2023/8/15 14:00ごろ,台風7号が兵庫県明石市付近に再上陸した。5:00ごろに和歌山県に上陸後,近畿地方を縦断しつつある。中心付近の気圧は985mPa,移動速度は時速15kmで,勢力があまり衰えないまま日本海に抜けることが予想される。
一方,日本海の海水温も高いことから,日本海に抜けた後,再び発達する可能性があり,その進路が北海道に向かうと予測されている。
現時点で,線状降水帯が鳥取県から岡山県の山沿いにかけて発生しているが,茨城県や岩手県でも海岸近くから山沿いにかけて強い雨雲が連続して発生している。線状ではなく,局地的な大雨が予測される。
これまでの台風だと,強風圏や暴風圏として描かれる円が,台風に伴う風雨に見舞われる範囲だった。台風が接近するにつれだんだんと風が強くなり,暴風圏に入れば雨も風も強く,台風の目に入ればいったん風雨は収まり,またしばらくすると風雨が強くなり,だんだんと風雨が弱くなって「台風一過」の晴天となる,というパターンだった。
ところが,地球温暖化から沸騰化へと進むにつれ,こうした台風らしさがなくなってきた。特に,台風から遠く離れた地域でも強い雨雲が現れるようになった。風の流れ×地形×海水温で線状降水帯を予測できるのではという仮説--ノロノロ台風がもたらした線状降水帯 - jeyseni's diary (hatenablog.com) 2023/8/10 と書いたが,台風を中心としたアウターバンド(放射状の雲の渦)だけでなく,線状降水帯がどこでも起きる可能性のある「影響圏」とも言える円を描くことができるように思えた。
図は,再上陸時の風の流れをベースに「影響圏」の円を描いてみたものである。
台風の中心からやや右寄りに膨らんだ巨大な円を描くことができた。この円の周辺から風の強い流れがあり,主に南の海からの湿った空気が台風に巻き込まれる流れの範囲で,記録的短時間大雨情報になるような集中豪雨が起きる可能性があると推定できる。
日本海に抜けた後,発達すれば,次に範囲に入るのは北海道ではないかと推定される。黒潮に沿って湿った空気が北上し,北海道にぶつかるのではないだろうか。
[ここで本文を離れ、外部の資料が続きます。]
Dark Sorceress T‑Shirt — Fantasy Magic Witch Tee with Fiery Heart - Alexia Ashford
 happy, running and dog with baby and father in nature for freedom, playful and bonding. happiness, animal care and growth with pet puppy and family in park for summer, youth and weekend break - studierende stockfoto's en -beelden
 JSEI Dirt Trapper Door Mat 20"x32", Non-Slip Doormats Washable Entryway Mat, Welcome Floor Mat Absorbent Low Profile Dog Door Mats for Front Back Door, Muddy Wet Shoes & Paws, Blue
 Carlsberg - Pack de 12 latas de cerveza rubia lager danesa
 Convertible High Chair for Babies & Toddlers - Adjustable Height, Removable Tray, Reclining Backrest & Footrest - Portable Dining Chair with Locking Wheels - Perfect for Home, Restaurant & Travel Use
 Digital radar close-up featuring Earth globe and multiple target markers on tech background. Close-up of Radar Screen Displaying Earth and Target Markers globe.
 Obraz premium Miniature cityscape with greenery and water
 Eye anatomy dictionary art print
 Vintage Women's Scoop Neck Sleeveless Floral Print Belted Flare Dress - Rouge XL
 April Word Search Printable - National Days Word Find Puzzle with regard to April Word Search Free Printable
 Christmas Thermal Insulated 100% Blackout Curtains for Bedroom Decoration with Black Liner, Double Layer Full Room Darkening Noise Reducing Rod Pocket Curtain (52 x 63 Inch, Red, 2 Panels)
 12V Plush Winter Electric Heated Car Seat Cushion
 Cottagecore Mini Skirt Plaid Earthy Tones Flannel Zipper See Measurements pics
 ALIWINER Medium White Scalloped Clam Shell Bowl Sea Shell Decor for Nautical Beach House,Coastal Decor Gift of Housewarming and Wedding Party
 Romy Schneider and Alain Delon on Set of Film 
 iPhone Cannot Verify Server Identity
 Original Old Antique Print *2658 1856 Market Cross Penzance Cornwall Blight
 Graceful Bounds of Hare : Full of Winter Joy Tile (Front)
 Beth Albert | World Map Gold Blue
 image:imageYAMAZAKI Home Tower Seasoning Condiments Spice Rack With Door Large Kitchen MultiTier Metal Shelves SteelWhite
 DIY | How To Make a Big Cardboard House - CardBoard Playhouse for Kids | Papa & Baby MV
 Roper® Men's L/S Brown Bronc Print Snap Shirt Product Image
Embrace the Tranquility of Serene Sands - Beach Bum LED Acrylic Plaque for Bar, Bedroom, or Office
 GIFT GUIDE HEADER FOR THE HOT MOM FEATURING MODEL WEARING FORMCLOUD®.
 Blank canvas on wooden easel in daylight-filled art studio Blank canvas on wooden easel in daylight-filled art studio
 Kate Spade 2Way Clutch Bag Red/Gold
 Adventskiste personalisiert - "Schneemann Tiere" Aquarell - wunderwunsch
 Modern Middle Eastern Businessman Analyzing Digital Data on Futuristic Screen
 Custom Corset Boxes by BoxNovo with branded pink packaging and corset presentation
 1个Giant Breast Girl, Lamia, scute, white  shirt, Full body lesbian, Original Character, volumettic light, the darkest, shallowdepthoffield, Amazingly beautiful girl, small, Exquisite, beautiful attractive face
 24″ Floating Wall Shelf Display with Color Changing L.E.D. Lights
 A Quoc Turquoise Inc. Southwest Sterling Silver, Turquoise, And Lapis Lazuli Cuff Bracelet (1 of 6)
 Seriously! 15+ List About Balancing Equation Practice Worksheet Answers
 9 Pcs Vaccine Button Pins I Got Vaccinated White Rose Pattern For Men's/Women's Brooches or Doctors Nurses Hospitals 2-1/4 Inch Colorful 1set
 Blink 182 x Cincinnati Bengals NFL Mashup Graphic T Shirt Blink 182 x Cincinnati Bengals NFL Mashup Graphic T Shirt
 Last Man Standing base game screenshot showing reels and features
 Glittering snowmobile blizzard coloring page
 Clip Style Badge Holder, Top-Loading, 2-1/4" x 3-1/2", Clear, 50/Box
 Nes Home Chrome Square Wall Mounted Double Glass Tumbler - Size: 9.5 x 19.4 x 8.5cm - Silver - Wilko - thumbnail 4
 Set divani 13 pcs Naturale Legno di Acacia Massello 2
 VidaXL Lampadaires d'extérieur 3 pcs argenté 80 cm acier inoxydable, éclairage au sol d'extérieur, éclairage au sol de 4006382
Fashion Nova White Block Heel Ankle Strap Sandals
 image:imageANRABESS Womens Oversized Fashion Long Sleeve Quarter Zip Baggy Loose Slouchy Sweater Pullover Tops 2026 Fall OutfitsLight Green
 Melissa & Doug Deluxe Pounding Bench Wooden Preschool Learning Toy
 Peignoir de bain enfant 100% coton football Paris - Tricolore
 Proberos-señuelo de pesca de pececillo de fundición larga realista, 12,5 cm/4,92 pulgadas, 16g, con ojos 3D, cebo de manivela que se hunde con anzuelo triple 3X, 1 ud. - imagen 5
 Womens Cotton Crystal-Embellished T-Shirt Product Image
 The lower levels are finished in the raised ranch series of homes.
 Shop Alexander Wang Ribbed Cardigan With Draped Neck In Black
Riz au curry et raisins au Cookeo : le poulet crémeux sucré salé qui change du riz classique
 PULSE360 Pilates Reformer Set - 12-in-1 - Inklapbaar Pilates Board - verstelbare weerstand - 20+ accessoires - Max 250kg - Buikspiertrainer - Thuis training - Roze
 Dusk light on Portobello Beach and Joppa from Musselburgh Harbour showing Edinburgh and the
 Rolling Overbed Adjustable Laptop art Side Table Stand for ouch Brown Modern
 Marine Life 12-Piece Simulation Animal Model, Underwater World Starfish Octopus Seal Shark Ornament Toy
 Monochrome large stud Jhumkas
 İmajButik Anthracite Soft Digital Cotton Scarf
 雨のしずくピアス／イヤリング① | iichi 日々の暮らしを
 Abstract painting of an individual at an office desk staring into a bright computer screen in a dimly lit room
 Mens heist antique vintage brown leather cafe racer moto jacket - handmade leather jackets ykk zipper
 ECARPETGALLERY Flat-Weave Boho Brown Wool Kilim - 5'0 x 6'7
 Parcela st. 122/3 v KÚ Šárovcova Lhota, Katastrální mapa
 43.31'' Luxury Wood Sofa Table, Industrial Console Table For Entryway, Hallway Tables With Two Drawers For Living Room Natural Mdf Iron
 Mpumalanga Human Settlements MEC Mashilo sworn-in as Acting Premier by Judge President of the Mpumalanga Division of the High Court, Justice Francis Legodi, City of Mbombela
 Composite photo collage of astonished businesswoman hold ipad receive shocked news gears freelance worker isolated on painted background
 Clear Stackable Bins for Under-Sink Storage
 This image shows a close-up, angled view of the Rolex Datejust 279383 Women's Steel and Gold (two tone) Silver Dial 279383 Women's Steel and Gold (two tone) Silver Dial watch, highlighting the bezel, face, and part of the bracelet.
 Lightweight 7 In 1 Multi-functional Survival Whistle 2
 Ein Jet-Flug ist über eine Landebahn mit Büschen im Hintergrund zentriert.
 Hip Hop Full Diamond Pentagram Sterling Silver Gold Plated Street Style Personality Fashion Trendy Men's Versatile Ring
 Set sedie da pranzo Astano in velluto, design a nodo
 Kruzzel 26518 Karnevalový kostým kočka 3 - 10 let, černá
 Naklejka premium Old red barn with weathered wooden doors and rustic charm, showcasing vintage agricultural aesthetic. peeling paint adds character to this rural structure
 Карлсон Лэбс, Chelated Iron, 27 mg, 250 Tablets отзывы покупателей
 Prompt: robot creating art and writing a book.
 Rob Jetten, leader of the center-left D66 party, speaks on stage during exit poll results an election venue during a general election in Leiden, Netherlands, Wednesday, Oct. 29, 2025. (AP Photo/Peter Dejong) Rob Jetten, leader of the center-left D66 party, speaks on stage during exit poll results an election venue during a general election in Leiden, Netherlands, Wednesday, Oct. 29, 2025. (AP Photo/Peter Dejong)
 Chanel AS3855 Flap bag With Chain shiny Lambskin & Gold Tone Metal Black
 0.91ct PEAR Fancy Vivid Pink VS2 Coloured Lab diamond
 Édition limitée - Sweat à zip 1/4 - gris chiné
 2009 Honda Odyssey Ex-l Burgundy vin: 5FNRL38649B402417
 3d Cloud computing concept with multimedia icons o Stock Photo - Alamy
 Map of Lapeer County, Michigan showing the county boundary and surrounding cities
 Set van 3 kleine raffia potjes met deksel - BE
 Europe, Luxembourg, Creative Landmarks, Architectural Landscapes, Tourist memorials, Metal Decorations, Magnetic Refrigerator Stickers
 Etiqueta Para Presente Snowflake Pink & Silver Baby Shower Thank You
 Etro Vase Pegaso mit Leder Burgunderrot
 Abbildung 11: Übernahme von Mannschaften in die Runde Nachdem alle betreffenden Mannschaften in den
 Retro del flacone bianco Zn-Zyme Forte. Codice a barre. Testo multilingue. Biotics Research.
もちろん,西日本から東日本,東北にかけてのエリアも,影響圏から抜けられないので,風雨が残る可能性があると考えられる。
台風を含めて,低気圧による風雨が広域で影響を及ぼすパターンとして,この「影響園」を風の流れから予測できるのではないかと考える。
【追記】新しい観測衛星が2028年に打ち上げられるそうである(台風対策の切り札となる日本の「降水レーダ衛星(PMM)」とは–2028年度に打ち上げへ (msn.com))。こちらも期待したい。